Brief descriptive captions
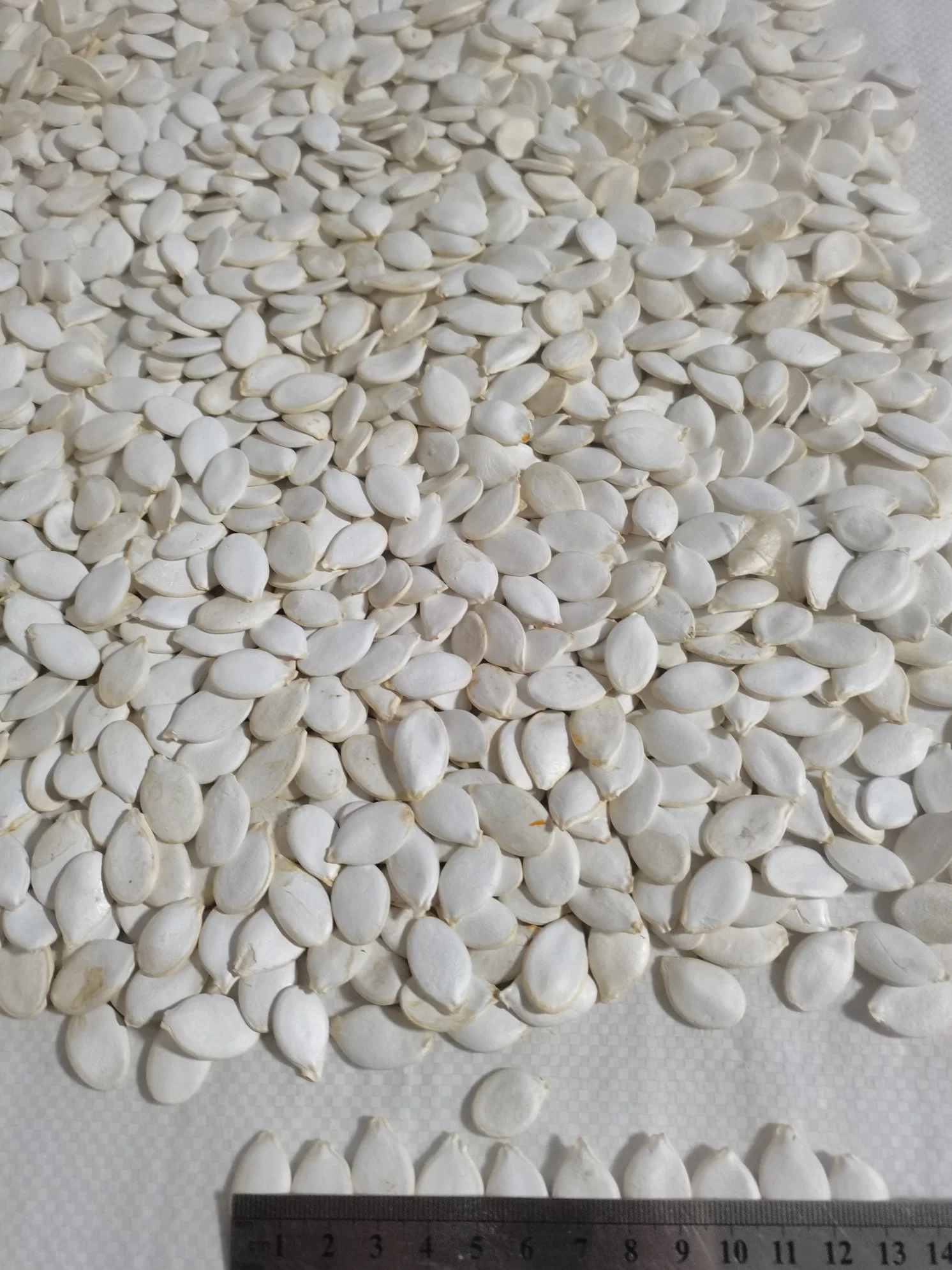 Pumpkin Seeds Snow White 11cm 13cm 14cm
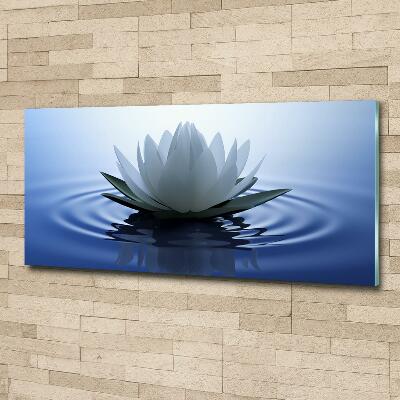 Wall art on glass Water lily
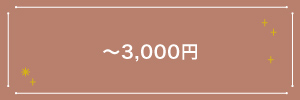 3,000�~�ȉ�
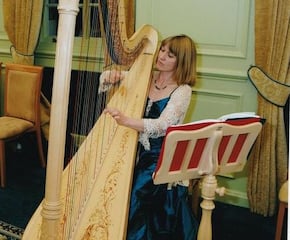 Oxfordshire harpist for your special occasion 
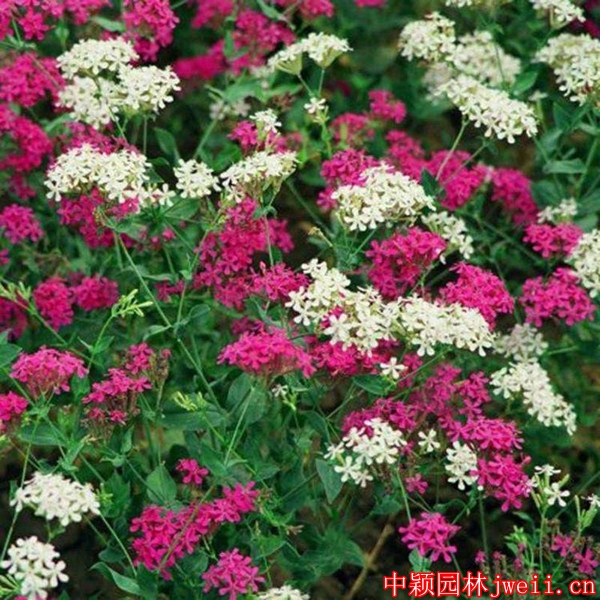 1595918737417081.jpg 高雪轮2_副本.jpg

ABOUT THIS TASK –
All that is needed is an exact copy of the entries above, minus the pictures.

ANSWER SPACE –
 Pumpkin Seeds Snow White 11cm 13cm 14cm
 Wall art on glass Water lily
 3,000�~�ȉ�
 Oxfordshire harpist for your special occasion 
 1595918737417081.jpg 高雪轮2_副本.jpg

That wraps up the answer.